▸ **Data to process**:
BEGIN

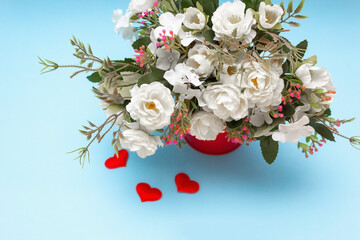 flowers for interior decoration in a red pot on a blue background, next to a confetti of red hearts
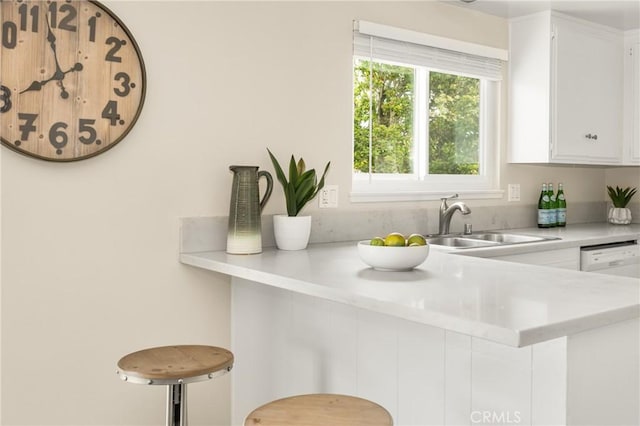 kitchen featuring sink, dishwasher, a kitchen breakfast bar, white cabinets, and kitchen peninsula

END
BEGIN

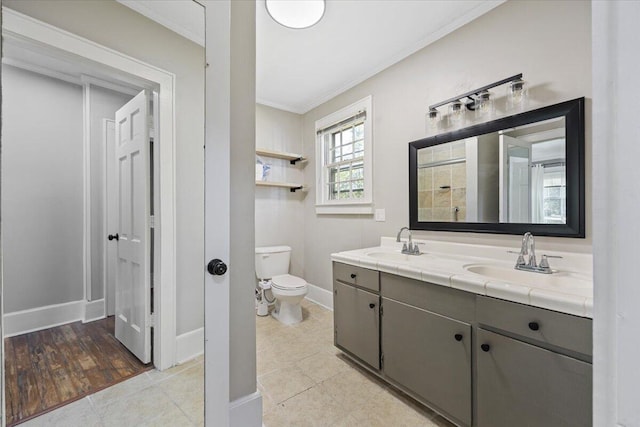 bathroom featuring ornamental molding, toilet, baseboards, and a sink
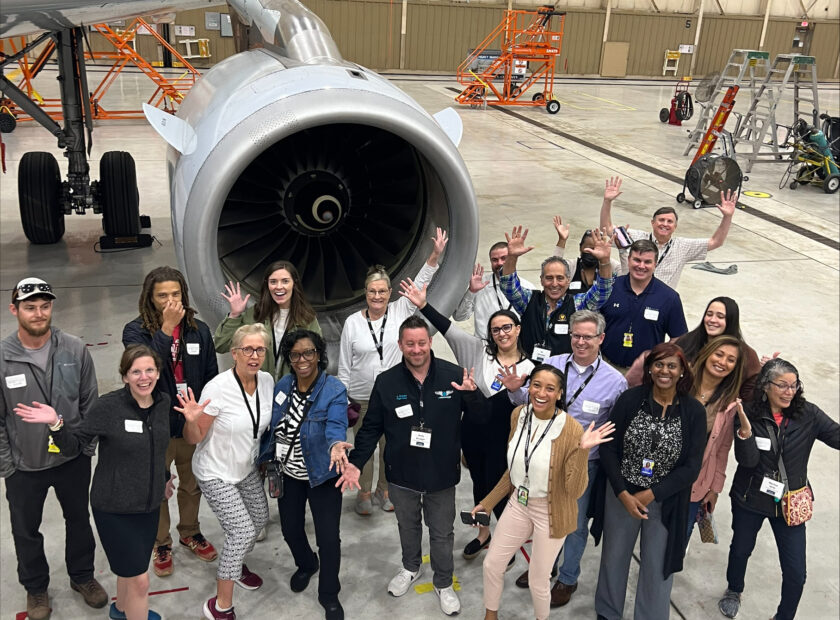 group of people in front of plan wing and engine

END

Reproduce the entries exactly, from the line with "flowers for interior" to the line with "kitchen featuring sink, dishwasher, a", both lines included, keeping no pictures.

▸ **Result for this task**:
 flowers for interior decoration in a red pot on a blue background, next to a confetti of red hearts
 kitchen featuring sink, dishwasher, a kitchen breakfast bar, white cabinets, and kitchen peninsula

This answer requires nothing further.